Decryption happens through the following:
- HTTP spoofing: A type of cyber-attack where a malicious actor sends a forged HTTP request to a web server to make it think the request came from a trusted source.
- SSL hijacking: An attacker intercepts secure communications between two parties and alters the transmitted data.
- SSL stripping: Attackers downgrade an HTTPS connection to an unencrypted HTTP connection. The attacker can view, modify, and capture any data sent over the connection.
Remember that a cyber-attack isn’t just a single attack. Usually, it’s a concerted attack using different methods. Knowing these stages means knowing what happens next and how you can best fortify your system.
How to fortify the system against MiTM attacks
Don’t use public Wi-Fi networks when sensitive information, especially login information, is exposed. After you finish your business, disconnect from the network immediately. But most importantly, ensure that the sites you visit are secure.
Other ways to secure enterprise digital security
With offices becoming mobile, enterprise systems have become more vulnerable. Though weaponized AI can inflict much damage, doing the following can increase the level of security of your server and network:
- Use defensive cybersecurity solutions (firewall, antivirus software, and other security measures).
- Use threat and detection solutions.
- Ensure that all employees using the system are trained and vigilant about cyberattacks. For instance, they should open emails from reliable sources.
- Change passwords often, and don’t use one password many times.
- Update network OS, applications, and devices to the latest version.
- Use a secure workspace solution with secure file sharing.
- Use a VPN even when accessing through a public WIFI.

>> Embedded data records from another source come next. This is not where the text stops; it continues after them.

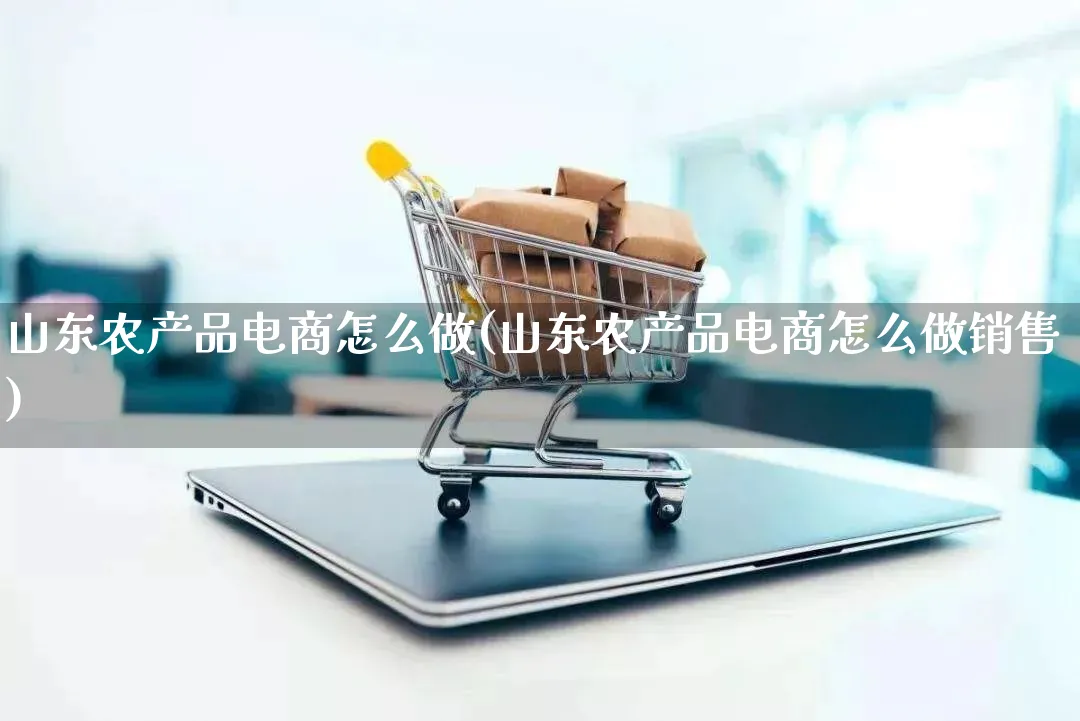 山东农产品电商怎么做(山东农产品电商怎么做销售)_https://www.lfyiying.com_美股_第1张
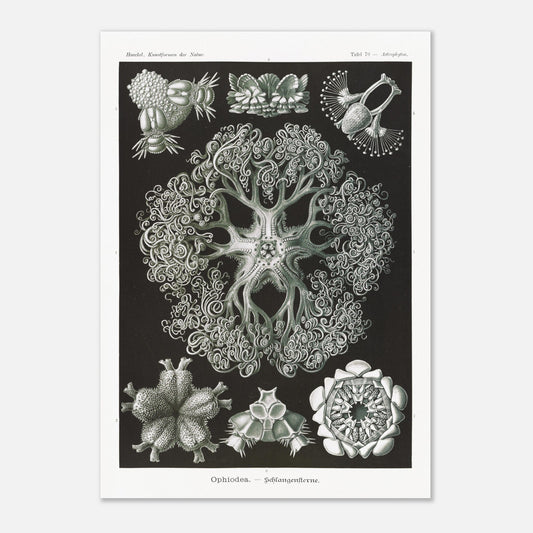 Planche d'Ophiures et Astrophytons — Ernst Haeckel (42x59,4 cm (A2)). Planche d'astrophytons ou ophiures par Ernst Haeckel, représentant diverses formes d'étoiles de mer et d'oursins fossiles, sur fond noir.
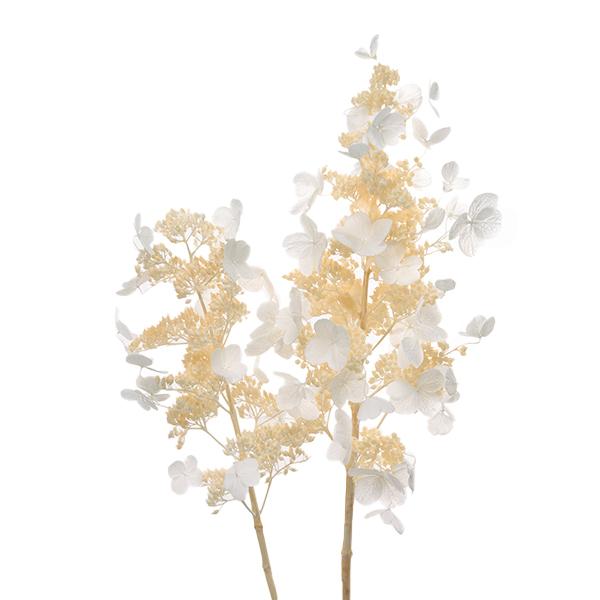 軸を活かしてブーケにもそのまま使えたり、お店のディスプレイにも使える素材です。[プリザーブドフラワー ドライフラワー ソフトノリウツギ オフホワイト 白 しろ 手作り 材料 ディスプレイ ブーケ ]◆サイズ:約65cmL/1束(約2本)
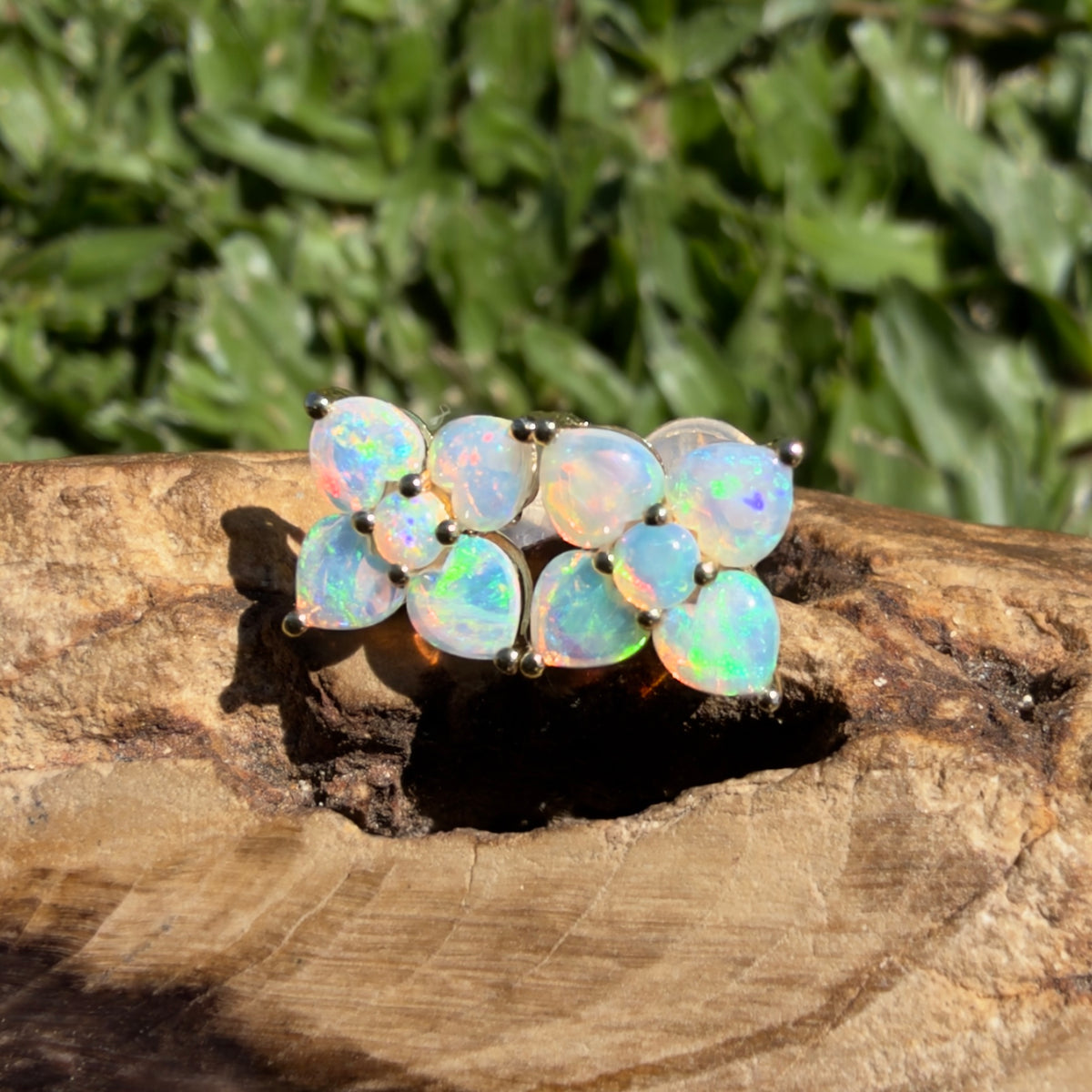 1.2ct Coober Pedy Opal Flower Stud Earrings ~ 'Hunter Valley Blossom' | 9ct Yellow Gold | Solid Australian Opal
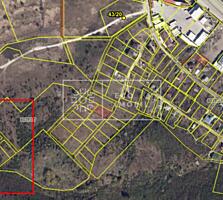 Se oferă spre vânzare teren pomicol, Întovărășirea Pomicolă ...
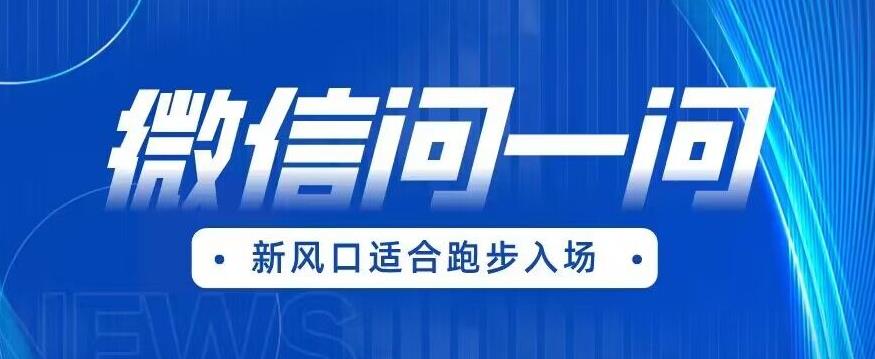 全网首发微信问一问新风口变现项目（价值1999元）【揭秘】-闪越社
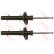 Amortisseur TRW TWIN JGM209T, Vignette 2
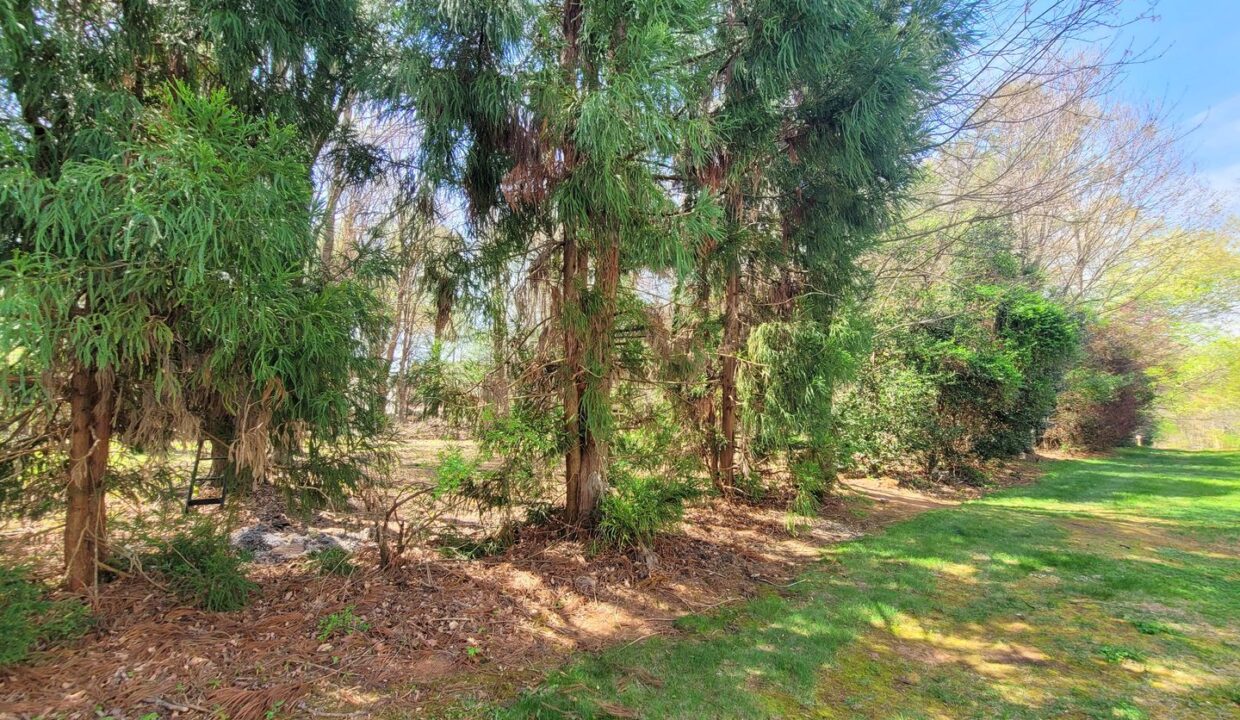 2660-Halle-Ann-Cir-Winston-Salem-NC-27103-19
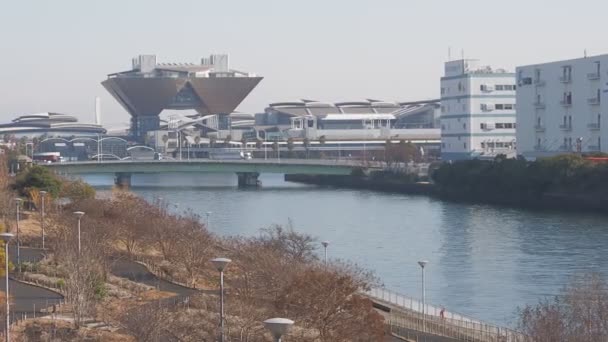 Τόκιο Odaiba Daytime Τοπίο 2023 Χειμώνας — Αρχείο Βίντεο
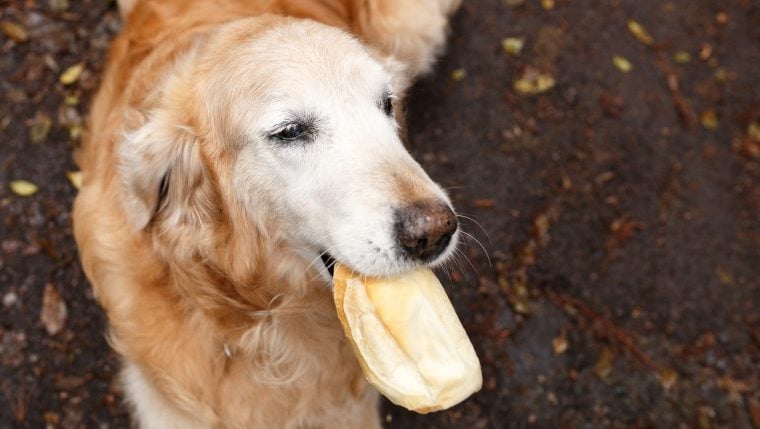 Hundemama warnt vor Hefevergiftung durch Thanksgiving Rolls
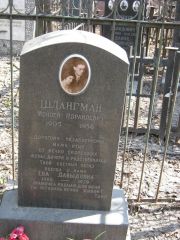 Шлангман Моисей Израилевич, Москва, Востряковское кладбище
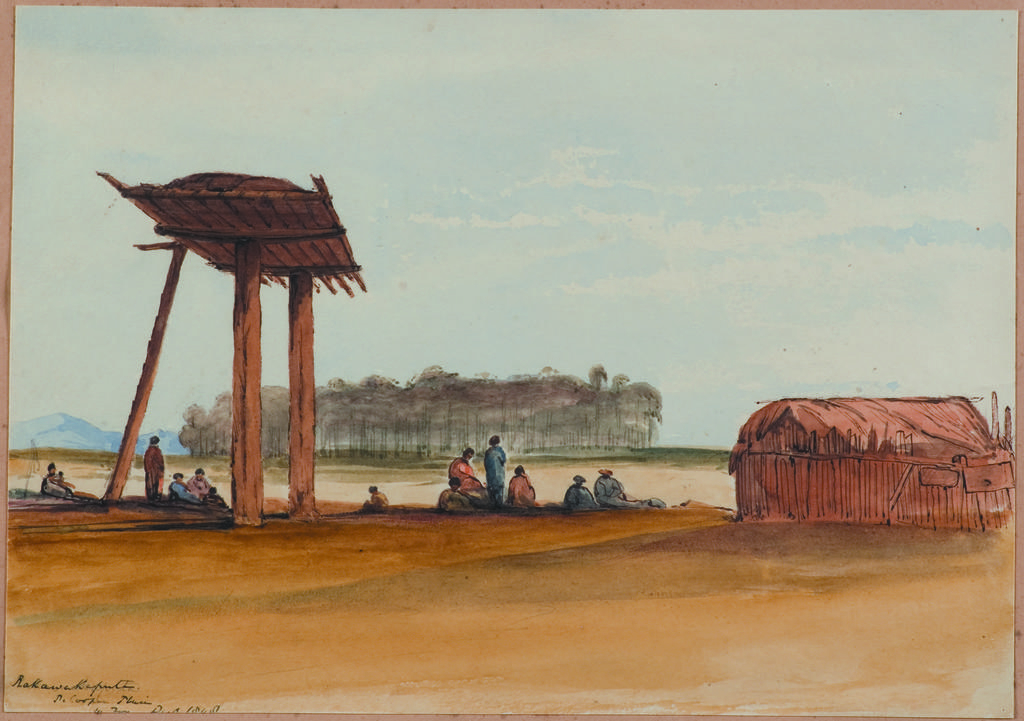 Rakawakaputa, P. Cooper Plains. 1848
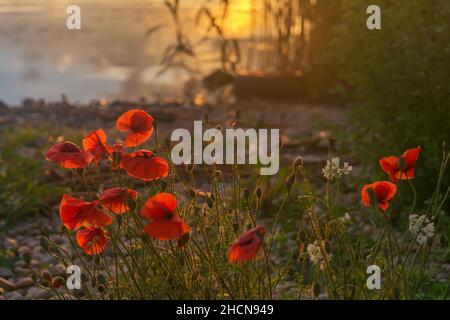 Fleurs les coquelicots rouges fleurissent sur le terrain sauvage. Superbes coquelicots rouges avec mise au point sélective. Coquelicots rouges dans une lumière douce. Coquelicot solitaire. Flou de mise au point douce. Banque D'Images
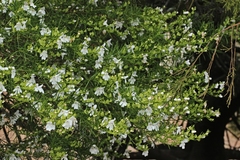 Prostanthera nivea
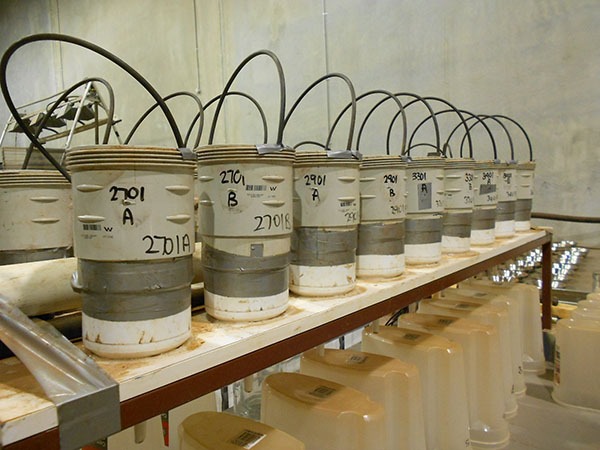 Testing of soil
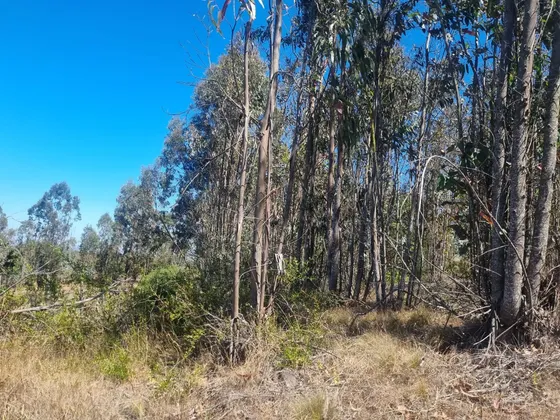 Venta Terreno - Sitio 43000mts Algarrobo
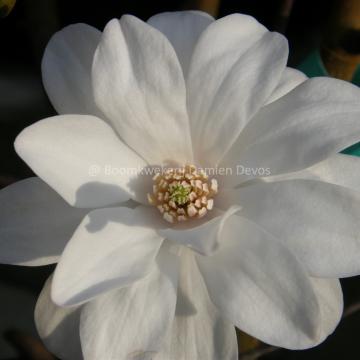 Magnolia loebneri 'Mag's Pirouette'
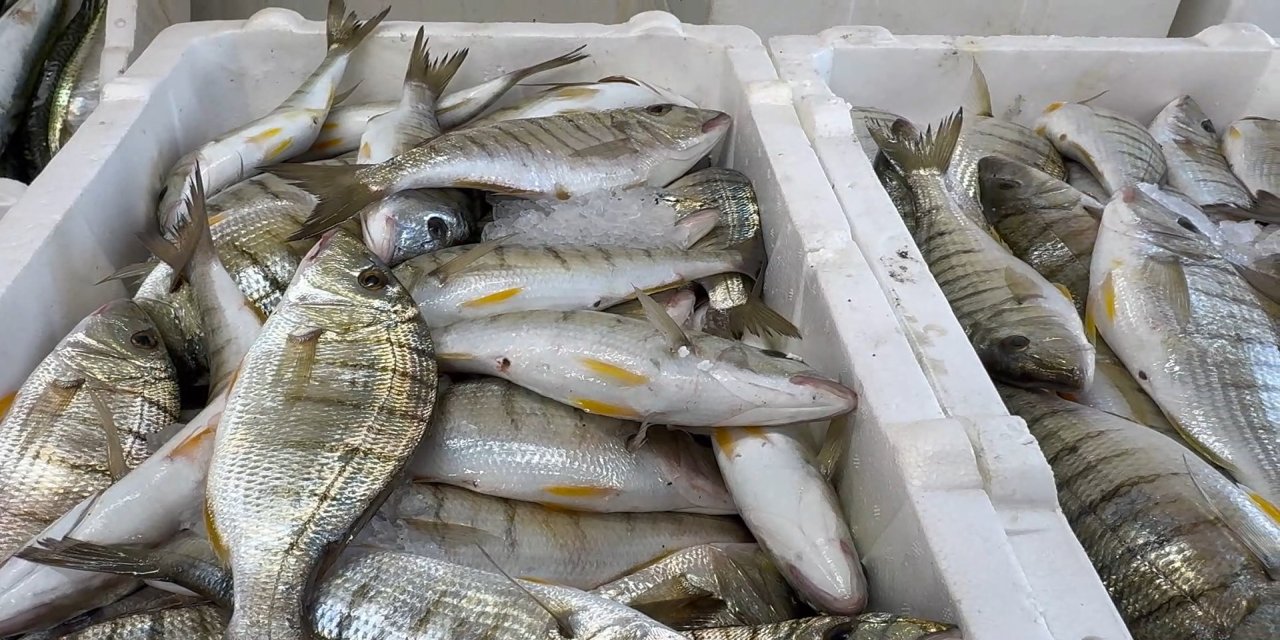 Karadeniz'de hamsi bereketi diğer balık türlerini de canlandırdı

- Use NAS and backup data regularly.
- Outsource network protection.
- Consider a Single Sign On (SSO) system and two-factor authentication company-wide.
- Use Content Delivery Network (CDN) solution.
Employ one or more security measures to protect your business from cybersecurity attacks.
Weaponized AI is prevalent globally and affects small and large firms alike. Cybercriminals can use AI to enter a loophole in your network and impersonate you so they can steal data, direct your clients to their website and modify commands.
But you can protect your system by securing it with a firewall and using VPNs, secure file transfer solutions, and CDN solutions. There’s always the human factor, so everyone in the enterprise should be aware of the signs of an impending attack and with it.